A floresta que foi construída: desmentindo o mito da escassez
Por muito tempo, a Amazônia foi tratada como uma região “sem história, sem história humana, sem história indígena e um ambiente pristino”, afirma o arqueólogo Eduardo Neves, professor titular do Museu de Arqueologia e Etnologia da Universidade de São Paulo (USP) e um dos principais nomes da arqueologia amazônica no Brasil. Essa leitura, segundo ele, dominou o pensamento acadêmico e político sobre a floresta ao longo de boa parte do século 20. “Essa visão serviu de justificativa para vários projetos de desenvolvimento econômico catastróficos”, afirma.
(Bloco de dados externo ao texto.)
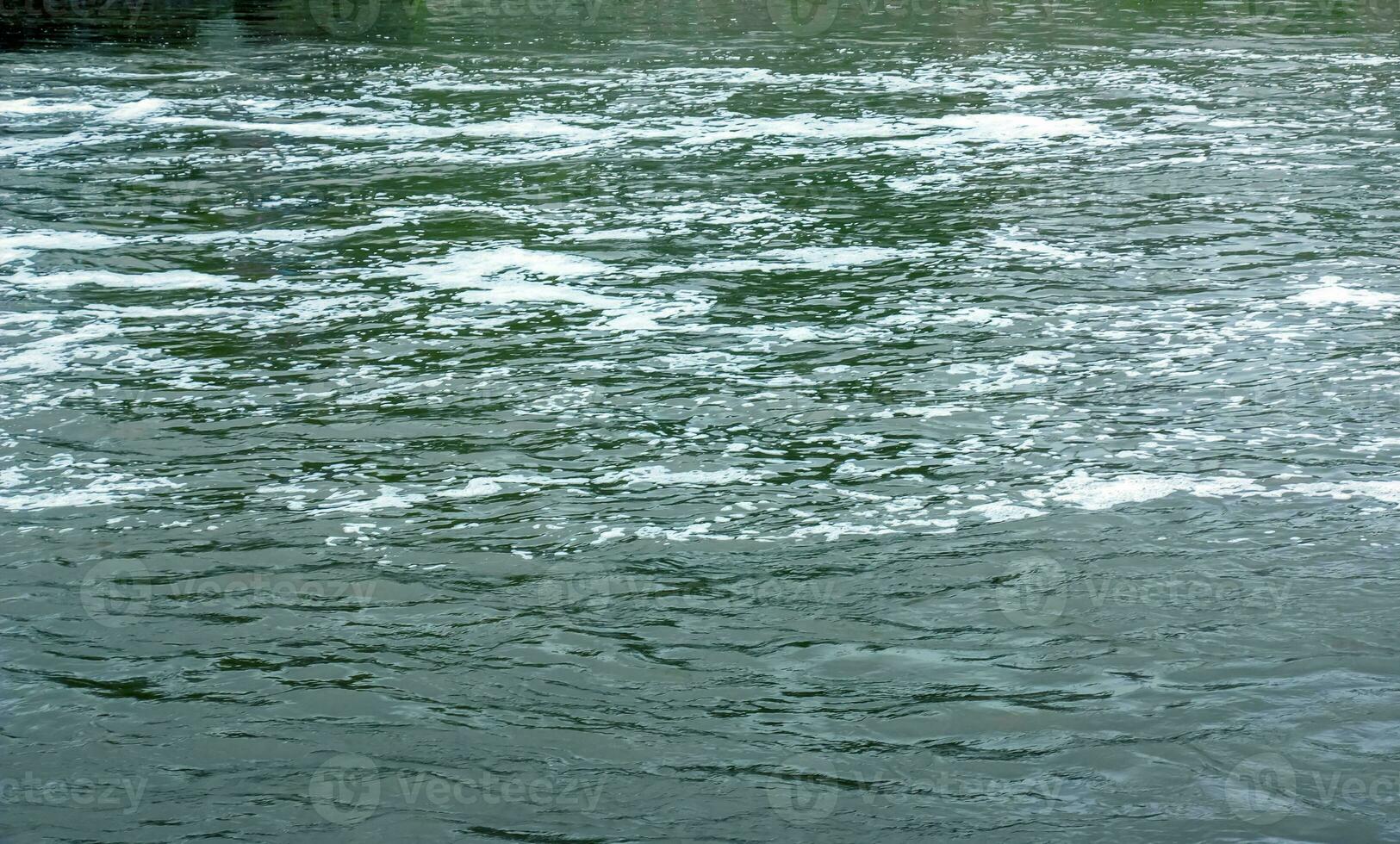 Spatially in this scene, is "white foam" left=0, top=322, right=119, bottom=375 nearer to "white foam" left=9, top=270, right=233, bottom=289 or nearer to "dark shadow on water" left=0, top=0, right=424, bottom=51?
A: "white foam" left=9, top=270, right=233, bottom=289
Mayara Mariano, arqueóloga e pesquisadora Museu Paraense Emílio Goeldi, é responsável pelo estudo Tecnologias ancestrais para o bem viver em cidades da Amazônia, do LabCidade, uma organização sediada em Belém (PA) que visa promover cidades amazônicas mais justas, resilientes e adaptadas às mudanças climáticas. Ela reforça que essa imagem da Amazônia como espaço vazio e atrasado foi construída a partir de um discurso eurocentrado. “A nossa missão é desmanchar e mudar essa ideia vendida pelo eurocentrismo de que a Amazônia era um lugar inóspito, um lugar de escassez, um lugar difícil.”
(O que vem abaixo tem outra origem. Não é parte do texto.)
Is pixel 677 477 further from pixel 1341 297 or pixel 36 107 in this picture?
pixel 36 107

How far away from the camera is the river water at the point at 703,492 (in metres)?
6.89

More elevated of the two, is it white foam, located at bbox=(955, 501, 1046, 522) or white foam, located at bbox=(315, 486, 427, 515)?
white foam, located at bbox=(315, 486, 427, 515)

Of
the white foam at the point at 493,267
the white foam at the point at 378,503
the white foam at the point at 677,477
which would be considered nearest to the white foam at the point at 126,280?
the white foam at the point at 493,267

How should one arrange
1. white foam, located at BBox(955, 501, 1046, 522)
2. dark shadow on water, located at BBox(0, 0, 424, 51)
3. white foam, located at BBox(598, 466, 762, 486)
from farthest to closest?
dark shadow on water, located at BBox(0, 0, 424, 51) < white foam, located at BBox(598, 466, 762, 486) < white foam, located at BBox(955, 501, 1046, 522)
Para ela, esse imaginário foi ativamente instrumentalizado pelo Estado brasileiro: “Esse discurso ideológico determinista de escassez foi muito utilizado no âmbito da ditadura militar mesmo, para ocupação desse território, para a propagação da violência contra os povos indígenas.”
O próprio campo científico colaborou com essa distorção. Neves lembra que, no século 19, os primeiros cientistas naturalistas que percorreram a região interpretaram a diversidade cultural como um traço negativo. “Eles achavam que essa diversidade era reflexo de um processo de degeneração. Associavam isso à condição tropical”, explica o arqueólogo. “Isso alimentou um colonialismo interno muito forte até hoje no nosso país”.
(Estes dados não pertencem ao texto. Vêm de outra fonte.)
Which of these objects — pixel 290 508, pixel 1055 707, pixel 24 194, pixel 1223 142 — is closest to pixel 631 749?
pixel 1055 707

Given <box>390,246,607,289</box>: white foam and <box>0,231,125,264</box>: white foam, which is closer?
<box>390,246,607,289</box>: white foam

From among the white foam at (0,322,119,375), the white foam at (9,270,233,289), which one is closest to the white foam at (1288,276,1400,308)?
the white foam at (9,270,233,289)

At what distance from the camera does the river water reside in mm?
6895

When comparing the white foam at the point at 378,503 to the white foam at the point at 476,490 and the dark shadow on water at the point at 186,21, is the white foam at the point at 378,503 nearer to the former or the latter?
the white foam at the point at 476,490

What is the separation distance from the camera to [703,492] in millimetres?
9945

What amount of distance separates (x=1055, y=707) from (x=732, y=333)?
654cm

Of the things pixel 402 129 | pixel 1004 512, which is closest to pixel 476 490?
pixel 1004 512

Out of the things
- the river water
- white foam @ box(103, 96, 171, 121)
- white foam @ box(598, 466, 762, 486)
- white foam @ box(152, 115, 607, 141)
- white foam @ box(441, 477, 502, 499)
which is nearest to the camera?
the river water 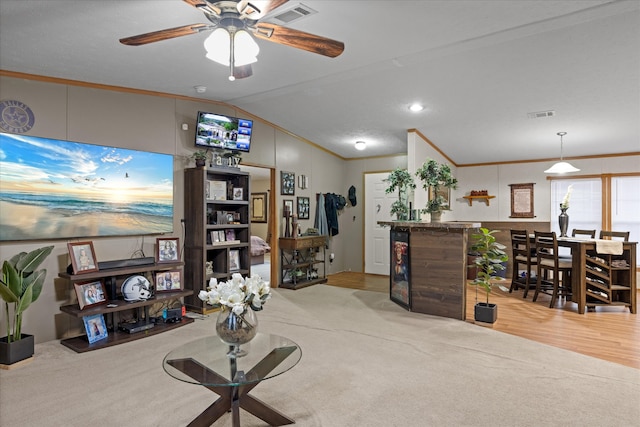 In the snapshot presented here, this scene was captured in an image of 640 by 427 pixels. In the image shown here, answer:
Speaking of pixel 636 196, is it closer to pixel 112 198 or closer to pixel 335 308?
pixel 335 308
Mas essa narrativa começa a ruir à medida que novas evidências vêm à tona. Escavações realizadas nas últimas décadas ajudam a remontar o cenário Grande Amazônia antes da invasão europeia. Essas populações que somavam milhões de pessoas e falavam centenas de línguas diferentes, domesticavam espécies vegetais, produziam alimentos e modificavam o ambiente em larga escala.
Uma das provas mais concretas desse manejo está no próprio chão. A chamada terra preta de índio é um solo escuro e muito fértil, encontrado em diversos pontos da Amazônia, associado a antigas áreas de ocupação humana. Em geral, aparece junto a vestígios como carvões e fragmentos de cerâmica e, ainda hoje, é valorizada por populações indígenas e ribeirinhas por manter produtividade por longos períodos.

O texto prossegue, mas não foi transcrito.